WHAT TO DO
In the records below, find the line with "Tayland ve geleneksel" and repeat exactly every line from it through the line with "1004 - 49 Queen". Pictures stay out.

DATA SUPPLIED
########
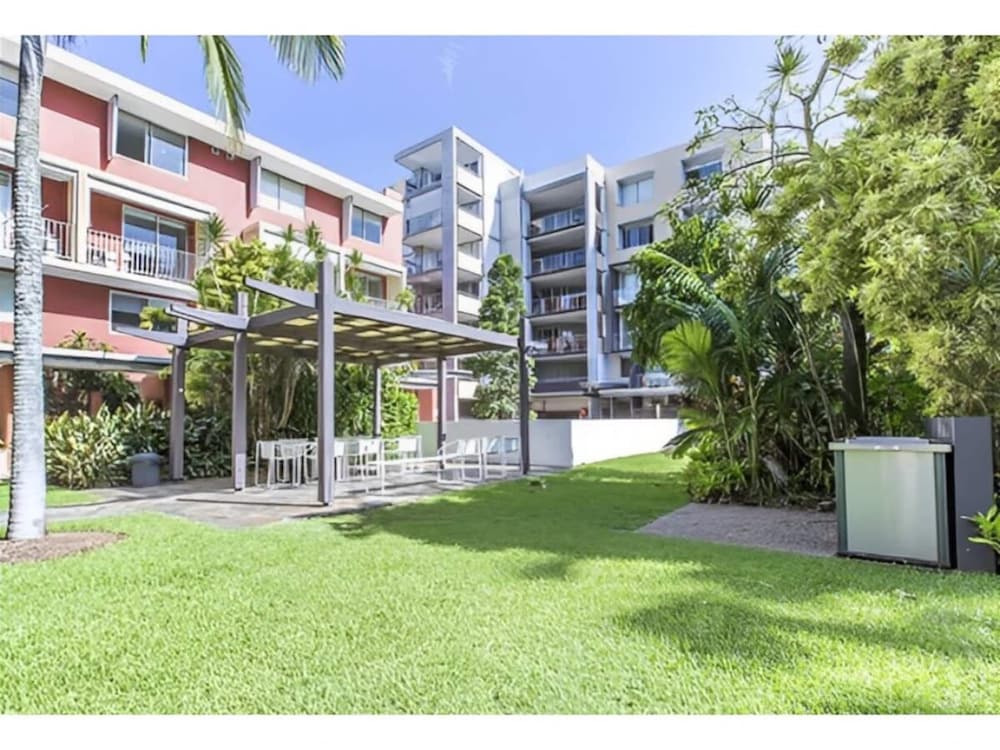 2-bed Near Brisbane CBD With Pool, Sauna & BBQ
########
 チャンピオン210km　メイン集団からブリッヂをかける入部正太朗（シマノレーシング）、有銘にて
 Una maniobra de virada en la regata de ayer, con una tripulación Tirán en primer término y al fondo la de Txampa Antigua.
########
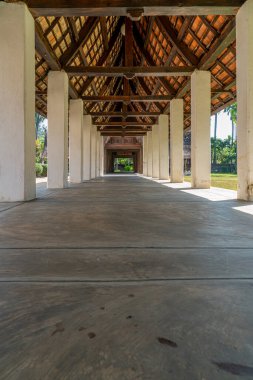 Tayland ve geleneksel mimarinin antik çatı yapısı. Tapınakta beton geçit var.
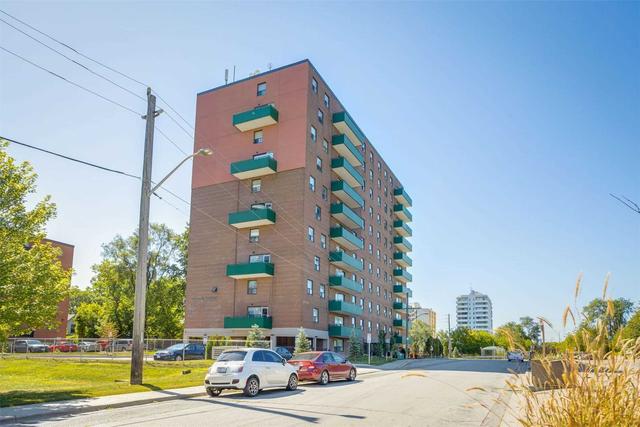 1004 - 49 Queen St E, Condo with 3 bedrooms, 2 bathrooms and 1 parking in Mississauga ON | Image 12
########
EXERCISE RESPONSE
 Tayland ve geleneksel mimarinin antik çatı yapısı. Tapınakta beton geçit var.
 1004 - 49 Queen St E, Condo with 3 bedrooms, 2 bathrooms and 1 parking in Mississauga ON | Image 12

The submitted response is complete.